Steel prices dip to the lowest in 3 years, hurt by Chinese oversupply
Summary
Prices of benchmark hot-rolled coils (HRC) of steel averaged just under ₹52,300 per tonne in July, the lowest since December 2020, according to data from market research and consulting firm BigMint. The prices continue to fall and are trading at around ₹51,000 per tonne currently, analysts said.New Delhi/Mumbai: Steel prices in India have slipped to their lowest in more than three years, hurt by a global supply glut caused by a weak Chinese economy flooding the international markets with its excess production of the alloy, analysts said.
Steel prices have failed to recover after the general elections, contrary to industry expectations, and have continued their downtrend, potentially hurting profitability of domestic steelmakers.

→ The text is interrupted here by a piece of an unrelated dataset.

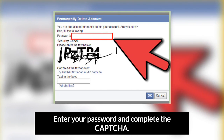Enter your password and complete the captcha. A small window should pop up asking you to enter your account password and provide the letters in the random captcha image to prove that you're human. Once you have entered these, press OK to schedule your account for permanent deletion.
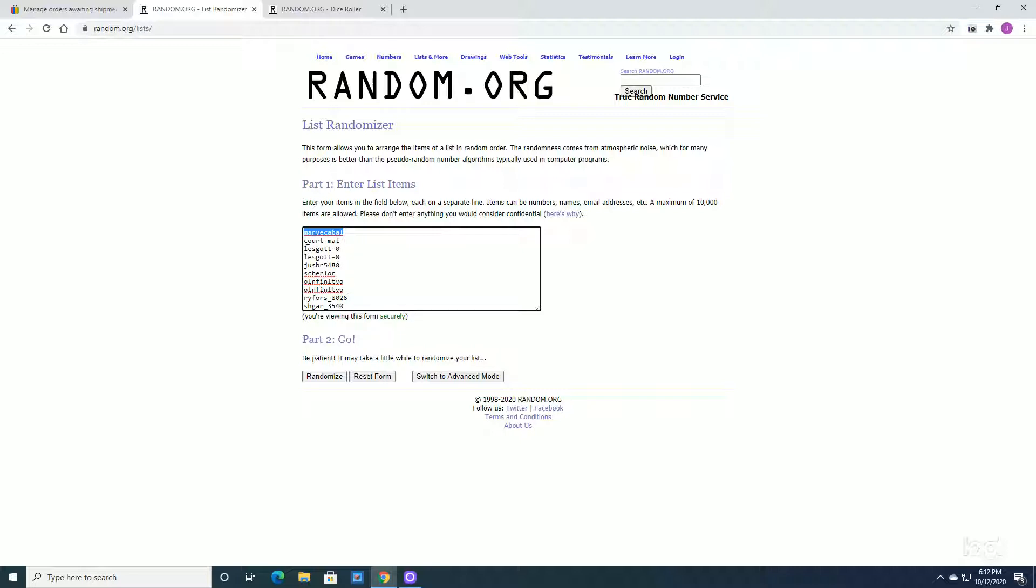Court-Matt takes number two. Les Scott takes three and four. Just Brewer, I apologize if I mess up the names, that's going to take number five.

These companies are scrambling to rein in their costs to protect margins amidst a large capex cycle. Most large Indian steelmakers are adding capacity on expectations of demand growth led by New Delhi’s infrastructure and housing push.
Meanwhile, downstream industries that are consumers of steel, like real estate, automobiles and infrastructure, will continue to benefit from the lower input costs, they said.

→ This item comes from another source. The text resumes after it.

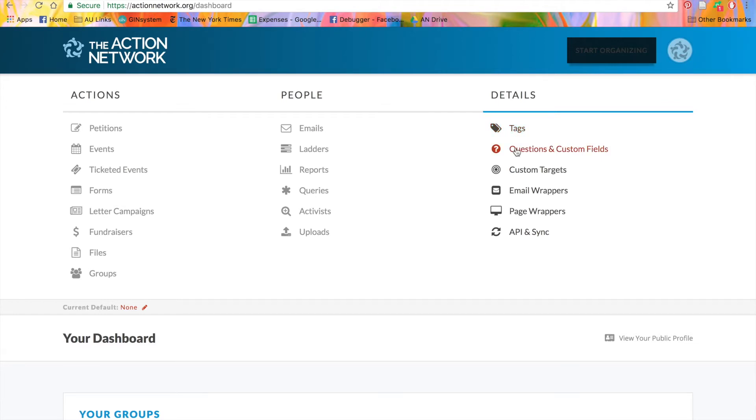With questions and custom fields, you can create pre-built custom questions to drag and drop into your action forms. This way, you won't have to create questions from scratch every time.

Prices of benchmark hot-rolled coils (HRC) of steel averaged just under ₹52,300 per tonne in July, the lowest since December 2020, according to data from market research and consulting firm BigMint. The prices continue to fall and are trading at around ₹51,000 per tonne currently, the analysts said.
“A significant slowdown in China's economy has led to a correction in global steel prices, with Chinese export prices hitting a four-year low," according to Dhruv Goel, the chief executive of BigMint.
China hosts half of the world’s annual 2-billion-tonne steelmaking capacity and until recently had a similar share of steel consumption too. But a weakness in China’s real estate market has left Chinese manufacturers with overcapacity. They are selling this metal in India and elsewhere at a price below their production costs to keep their mills running, Indian steelmakers allege.
“Chinese domestic demand is muted owing to weakness in its property sector," said Aditya Welekar, senior research analyst, Axis Securities.
There could be more pain in store, Welekar warned, if reports are to be believed that China is shifting its policy focus from real estate and infrastructure to consumption, technology and high-tech industries.
“While we might be around the bottom for prices, given that Chinese mills are incurring losses at the current HRC rates, any significant price increase will likely depend on whether the Chinese government introduces a stimulus to boost domestic demand or cuts down its steel production," Welekar added.
A surge in imports
The lower prices of steel in international markets have led to a surge in imports from both Vietnam and China into the Indian market. According to provisional data for July 2024 from BigMint, India continued to remain a net importer of the alloy, importing 0.65 million tonnes during the month. Exports stood at 0.45 million tonnes.
“The active presence of Chinese steel in the international market has made Indian steel exports uncompetitive in many regions, resulting in a substantial drop in export volumes," Goel pointed out. This has impacted the pricing dynamics in the Indian steel industry.
China has been exporting 8-10 million tonnes of steel every month this year, Welekar said.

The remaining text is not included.